Robin a essayé d'écrire des films, avant, sur cette période, sur l'histoire d'un jeune homme séropo, malade, mais il a jamais réussi, il a toujours jeté ses scénarios. C'est vraiment le seul angle qui s'est imposé à lui, il a pas réussi à en parler autrement. Après, certains l'ont fait, comme Collard avec Les Nuits fauves, Philadelphia de Demme c'est un autre angle, Jeanne et le garçon formidable de Ducastel et Martineau, et puis récemment Honoré avec Plaire aimer et courir vite. L'angle que Robin a réussi à avoir c'est celui d'un collectif qui échoue au bout d'un moment car les gens trop malades quittaient cet endroit qui était un endroit de vie pour souffrir avec plus de solitude, même si des gens venaient, car c'était une sorte d'échec de l'association de voir des gens partir sur la fin. Mais pour toucher le plus grand nombre, c'était pas du tout gagné d'avance et c'est une grande chance. Moi ça me fait plaisir, ça me rassure, parfois on se sent hyper loin de sa génération. Mais je suis beaucoup trop impliqué pour dire quelque chose comme ça... donc c'est un peu facile. Mais ce que je veux dire c'est que parfois quand quelque chose marche, quand ça nous a touché, on est aussi heureux de se dire qu'on le partage avec toute une partie de notre génération. À la base ça pourrait être vu comme un film très niche, très auteur, très homo, et ça l'a pas du tout été. Pourtant, il n'a pas pris de grosses têtes d'affiche, à part Adèle (A.Haenel, nldr), qui avait un rôle secondaire, il a fait ce choix-là. IIl a enlevé des petites choses, mais je pense pas dans l'idée d'être plus grand public, mais plutôt parce qu'au fil du scénario il s'est aperçu que ce n'était pas nécessaire. Il n'a pas fait un projet qui se voulait "blockbuster" mais ça l'est devenu. C'est aussi beau qu'il y ait des choses qui ne soient pas dans la recette. J'ai un ami l'autre jour qui me parlait de Titanic et qui était très très enthousiaste, très enflammé, et qui me disait "mais tu te rends pas compte, c'est vraiment le contre-exemple total" parce que c'est un film qui dure plus de 3h donc on peut pas mettre plus de 2 séances à la suite, tout le monde connaît la fin, il y a pleins de trucs comme ça qui ne correspondent pas du tout au schématique du film à succès et qui défont ces codes et ça fait un peu plaisir ! Ça fait du bien contre les discours tout fait sur ce qui fonctionne et ce qui ne fonctionne pas.

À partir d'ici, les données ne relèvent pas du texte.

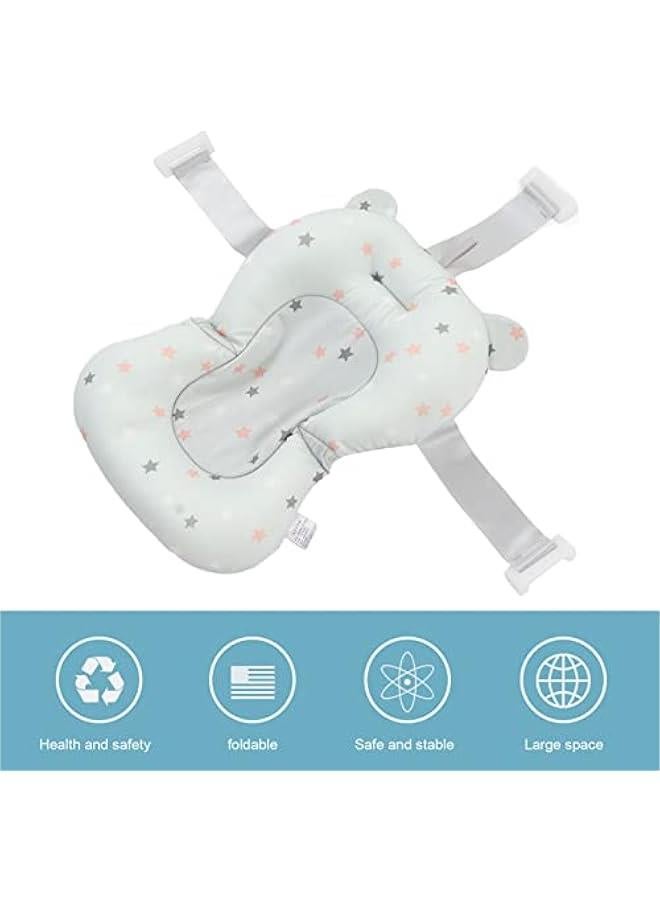 Baby Bath Seat Cushion, Floating Bath Support Mat Foldable Adjustable Infant Bath Supporter Newborn Bathtub Seat Cushion Nonslip Baby Bathtub Mat Baby Tub Pillow for 0‑12 Months - Image 3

Lors des actions de prévention qu'on peut organiser actuellement, on se rend compte que ce sont souvent les gens les plus réceptifs à cette cause qui s'y rendent. Le problème se pose toujours de comment amener les gens à se remettre en question. J'aimerais savoir quelles actions pourraient être à votre avis les plus utiles pour des lycéens par exemple ?

C'est là qu'on voit que ça demande beaucoup de courage et de détermination. Souvent les grandes causes ça nous émeut, ça nous chamboule et ça nous donne envie de s'engager. Mais finalement les militants ce qu'ils font c'est long, c'est laborieux, il y a quelque chose de l'ordre du labeur, de la répétition, il faut garder une conviction dans tout ça et ils tiennent plus. Le fait que ce soit les gens les plus alertes qui vont à ces conférences c'est toujours un peu décevant et en même temps ça fait toujours du bien à tout le monde de réactualiser, ça accélère la transmission, et puis faut essayer: on sait pas si ça marchera. Je trouve ça déjà trop bien que ça existe ! 

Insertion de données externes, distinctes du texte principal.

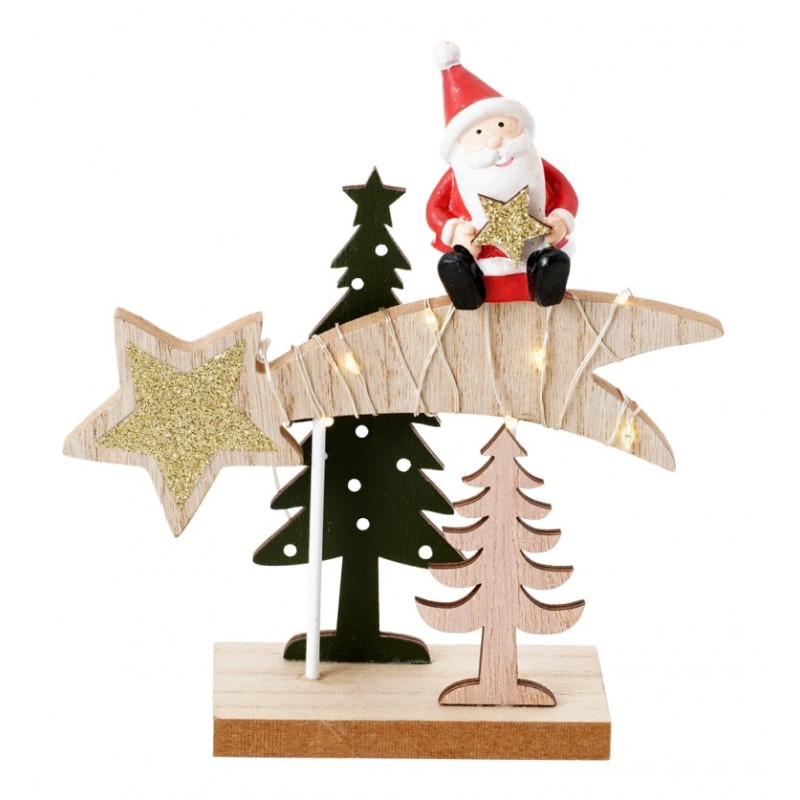 CENTRE DE TABLE BOIS ETOILE FILANTE HAPPY SANTA AV LEDS 14,5 CM X 5 CM X 15 CM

Après, quel type de prévention en lycée... Quand on l'a projeté à des classes et qu'ensuite on en a parlé, le fait de le voir avec beaucoup de gens et avec sa classe notamment, ça crée des situations extrêmement gênantes ! Il y a une affirmation par rapport à ça qui serait pas la même si on le voit en-dehors du cadre scolaire, et en même temps beaucoup ne le verrait pas. En même temps en lycée je trouve que c'est quand même le meilleur moment parce qu'après bizarrement la société fait que c'est difficile d'avoir accès aux gens. C'est rassurant aussi, dans la vie chacun peut faire ce qu'il veut et aller vers ce qu'il veut, mais c'est vrai que c'est souvent plus difficile. 

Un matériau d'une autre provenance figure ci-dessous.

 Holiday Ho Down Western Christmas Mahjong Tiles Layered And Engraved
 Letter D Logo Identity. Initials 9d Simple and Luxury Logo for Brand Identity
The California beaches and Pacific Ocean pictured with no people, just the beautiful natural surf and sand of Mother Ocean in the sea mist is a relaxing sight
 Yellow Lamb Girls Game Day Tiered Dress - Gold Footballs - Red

Et pour le type de discours... Grosse question, je sais pas. Il y a une question de résultats, donc ça veut dire aller s'adapter à ce qui fonctionnera le mieux, et en même temps on a quand même envie d'avoir une certaine exigence. En ce moment on recule beaucoup devant l'exigence - ça fait un peu nul de dire ça hein. J'ai vu un spectacle sur la révolution française, il y a très peu de temps, de Pommerat, Ça ira, c'est un énorme succès, je l'ai vu après tout le monde, ça fait 2 ans qu'il tourne, c'est un spectacle hyper exigeant. En terme de propos politique, de débat, c'est beaucoup sur la politique, sur la naissance de la démocratie, sur la révolution française. Il n'y a pas beaucoup de petites blagues, de petits à-côtés qui seraient censés nous rattraper et nous faire du bien, mais bizarrement on ne lâche rien. C'était pas ennuyeux à un seul moment. Aussi parce qu'il est très exigeant avec lui-même donc il se remet en question aussi lui. Pour faire une action de prévention la meilleure position c'est d'être le plus exigeant possible et essayer... En tout cas il faut toujours se demander quel est le besoin de la personne qu'on veut aller aider ou informer: c'est vraiment ça la base de toute action associative.


Merci à Marie-Christine Damiens et à Stéphanie qui ont rendu possible cet interview et bien évidemment merci à Antoine Reinartz pour sa disponibilité !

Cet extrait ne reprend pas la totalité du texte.